EVALUATING THE CARTOGRAPHIC CAPABILITY OF ASTER AND RADARSAT
IMAGERY FOR MONITORING SOIL EROSION INDICATORS IN THE ARGENTINEAN
Blanco1, G. Metternicht2, H.
1 - National Patagonic Center (CENPAT-CONICET), Puerto
2 - Department of Spatial Sciences, Curtin
Soil erosion is a key factor contributing to land degradation processes worldwide. Recent reports of the United Nations Environmental Programme mention that around 2 billion ha of soil, equal to 15 per cent of the Earth’s land cover or an area bigger than the United States and Mexico combined, is now classed as degraded as a result of human activities.
About one-sixth of world’s degraded land is classed as strongly or extremely degraded, making efforts for their restoration largely ineffective. The adoption of measures to remediate or decrease land degradation require access to up-to-date spatial information on the intensity, rate and spatial distribution of soil erosion processes, to curb degradation trends and secure sustainable land use and management. Multi-sensor optical and microwave remote sensing can contribute significantly to map patterns of surface features related to wind erosion at regional level.
Areas like the Peninsula Valdes (southern Argentina), declared a UNESCO World Heritage site in 1999, are subject soil degradation by wind and overgrazing. Mapping and monitoring the presence of landscape erosion indicators such as stabilized and active dunes is crucial to improve prediction, monitoring and planning of areas threatened by sand encroachment. To this end, this paper investigates and compares the contribution of optical sensors like the Terra-ASTER and the microwave Radarsat ASAR to the discrimination of these land degradation features.
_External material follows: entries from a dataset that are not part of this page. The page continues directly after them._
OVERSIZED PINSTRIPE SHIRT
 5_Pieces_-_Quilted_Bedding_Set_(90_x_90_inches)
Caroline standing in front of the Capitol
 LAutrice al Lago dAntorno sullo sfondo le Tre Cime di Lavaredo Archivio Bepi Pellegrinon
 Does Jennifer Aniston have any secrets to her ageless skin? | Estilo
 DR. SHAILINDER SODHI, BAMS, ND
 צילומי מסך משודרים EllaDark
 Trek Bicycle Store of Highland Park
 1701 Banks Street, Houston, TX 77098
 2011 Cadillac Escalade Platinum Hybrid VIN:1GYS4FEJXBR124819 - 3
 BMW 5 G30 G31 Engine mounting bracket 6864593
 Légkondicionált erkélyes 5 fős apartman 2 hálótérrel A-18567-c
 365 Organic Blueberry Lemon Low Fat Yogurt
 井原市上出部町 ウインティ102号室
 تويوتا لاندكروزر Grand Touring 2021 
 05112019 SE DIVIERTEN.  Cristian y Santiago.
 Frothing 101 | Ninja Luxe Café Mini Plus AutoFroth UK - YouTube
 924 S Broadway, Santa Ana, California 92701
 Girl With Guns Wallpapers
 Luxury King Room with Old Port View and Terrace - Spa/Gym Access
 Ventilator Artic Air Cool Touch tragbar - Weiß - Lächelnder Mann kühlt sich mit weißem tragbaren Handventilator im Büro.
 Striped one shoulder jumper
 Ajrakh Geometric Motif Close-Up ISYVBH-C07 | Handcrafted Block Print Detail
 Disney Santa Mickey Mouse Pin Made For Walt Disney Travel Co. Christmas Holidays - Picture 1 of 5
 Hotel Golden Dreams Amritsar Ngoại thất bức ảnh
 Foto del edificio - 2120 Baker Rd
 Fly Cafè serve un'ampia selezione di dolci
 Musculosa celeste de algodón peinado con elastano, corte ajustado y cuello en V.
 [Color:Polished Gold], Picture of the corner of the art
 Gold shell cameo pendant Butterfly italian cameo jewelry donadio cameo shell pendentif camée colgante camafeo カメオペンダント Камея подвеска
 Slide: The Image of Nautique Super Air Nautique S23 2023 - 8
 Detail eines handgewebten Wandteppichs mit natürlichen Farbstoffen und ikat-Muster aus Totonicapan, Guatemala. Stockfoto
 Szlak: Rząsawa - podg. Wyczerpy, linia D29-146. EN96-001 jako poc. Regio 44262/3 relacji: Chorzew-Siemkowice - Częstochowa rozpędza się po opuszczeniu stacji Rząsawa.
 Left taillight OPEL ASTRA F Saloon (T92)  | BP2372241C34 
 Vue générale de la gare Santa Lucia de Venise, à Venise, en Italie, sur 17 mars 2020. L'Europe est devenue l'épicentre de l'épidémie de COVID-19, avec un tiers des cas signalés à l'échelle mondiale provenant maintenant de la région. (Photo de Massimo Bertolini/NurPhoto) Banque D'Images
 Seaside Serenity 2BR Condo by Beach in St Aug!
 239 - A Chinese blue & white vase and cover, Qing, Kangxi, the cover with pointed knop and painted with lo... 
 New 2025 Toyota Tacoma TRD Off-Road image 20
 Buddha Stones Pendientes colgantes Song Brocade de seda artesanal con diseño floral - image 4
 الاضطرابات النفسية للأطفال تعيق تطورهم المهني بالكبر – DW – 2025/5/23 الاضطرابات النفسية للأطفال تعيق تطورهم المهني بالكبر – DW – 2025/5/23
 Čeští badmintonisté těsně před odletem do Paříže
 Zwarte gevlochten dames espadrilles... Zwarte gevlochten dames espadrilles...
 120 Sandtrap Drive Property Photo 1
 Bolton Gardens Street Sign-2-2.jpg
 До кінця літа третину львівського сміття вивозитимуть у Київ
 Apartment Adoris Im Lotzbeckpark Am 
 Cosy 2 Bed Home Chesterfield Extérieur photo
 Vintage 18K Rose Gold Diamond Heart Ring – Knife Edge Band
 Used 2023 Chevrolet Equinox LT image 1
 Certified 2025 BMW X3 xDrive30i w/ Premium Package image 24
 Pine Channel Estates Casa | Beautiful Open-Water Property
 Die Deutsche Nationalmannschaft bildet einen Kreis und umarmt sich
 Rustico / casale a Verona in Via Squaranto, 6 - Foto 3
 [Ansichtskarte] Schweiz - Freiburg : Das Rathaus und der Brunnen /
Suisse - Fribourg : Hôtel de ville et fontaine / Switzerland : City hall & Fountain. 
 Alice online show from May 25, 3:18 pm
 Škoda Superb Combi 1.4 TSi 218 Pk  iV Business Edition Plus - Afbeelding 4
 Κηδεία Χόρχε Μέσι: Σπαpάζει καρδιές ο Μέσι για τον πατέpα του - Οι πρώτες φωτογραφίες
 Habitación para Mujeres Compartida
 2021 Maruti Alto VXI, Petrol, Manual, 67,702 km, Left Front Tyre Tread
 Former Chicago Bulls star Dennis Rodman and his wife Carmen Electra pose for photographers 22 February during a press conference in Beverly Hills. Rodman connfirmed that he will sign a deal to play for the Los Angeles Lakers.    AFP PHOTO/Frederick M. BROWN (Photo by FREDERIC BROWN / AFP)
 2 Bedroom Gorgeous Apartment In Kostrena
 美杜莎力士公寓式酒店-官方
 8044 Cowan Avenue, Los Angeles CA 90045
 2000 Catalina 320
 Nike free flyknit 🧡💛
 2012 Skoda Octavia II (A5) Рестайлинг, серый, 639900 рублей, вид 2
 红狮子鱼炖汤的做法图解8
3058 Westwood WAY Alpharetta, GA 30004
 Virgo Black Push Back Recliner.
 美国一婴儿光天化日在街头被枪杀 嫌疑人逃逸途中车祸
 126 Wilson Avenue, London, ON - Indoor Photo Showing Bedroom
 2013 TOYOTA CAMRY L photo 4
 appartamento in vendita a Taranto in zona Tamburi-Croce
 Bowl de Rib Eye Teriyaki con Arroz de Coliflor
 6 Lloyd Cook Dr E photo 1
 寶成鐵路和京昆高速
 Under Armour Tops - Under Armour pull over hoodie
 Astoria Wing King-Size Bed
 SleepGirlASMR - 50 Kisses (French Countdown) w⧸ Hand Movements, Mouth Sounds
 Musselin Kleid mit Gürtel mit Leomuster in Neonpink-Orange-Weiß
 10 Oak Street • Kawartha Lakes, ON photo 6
Furthermore, an evaluation is undertaken to compare the classification accuracy achieved by specific regions of the spectrum (e.g. optical or microwave), and their synergistic use in an object oriented fashion.
The research approach encompasses:
a) Identification of landscape features related to the presence of active and stabilised dunes. Two vegetation types are considered as dune stabilisers: scrub and grass;
b) Calibration and georeferencing of the Terra ASTER imagery, including the computation of spectral indices and principal component analysis for the removal of redundant spectral information;
c) Despeckle and georeferencing of a precision mode Radarsat imagery;
d) Creation of a geo-spatial soil database to store field observations and spectral characteristics of wind-erosion related features in the optical and microwave regions of the spectrum;
e) Selection of textural measures based on the grey level co-occurrence matrix that best characterise patterns of stabilised and active dunes in the Radarsat ASAR imagery. Extraction of Radarsat derived textural measures;
f) Segmentation and object-oriented classification of the selected imagery using eCognition. This step requires the definition of proper fuzzy membership functions for characterising stabilised and active dunes, as well as main vegetation classes of the study area.
g) Accuracy evaluation of the spectral ASTER data, the ‘textural’ Radarsat ASAR data and combined spectral and textural data provided by ASTER and Radarsat data sets using an error matrix and Kappa statistics.
Initial results suggest an improvement in the classification of active dunes and stabilised dunes (vegetated by either scrub or grass) is achieved by using an object oriented classification that integrates textural information derived from microwave imagery and optical/IR data from Terra-ASTER. It appears that changes in surface roughness caused by different vegetation types stabilising the dunes is a major influence in radar backscattering. For instance, Radarsat imagery enables a clear separation of long and narrow dunes stabilised by scrub against those stabilised by grass, the former showing a higher classification accuracy. On the other hand, ASTER optical and infrared wavebands show superior performance in the cartography of grass-stabilised dunes. It appears that the synergistic use of microwave, optical and infrared data increases substantially the accuracy in the discrimination and mapping of soil degradation features related to wind erosion.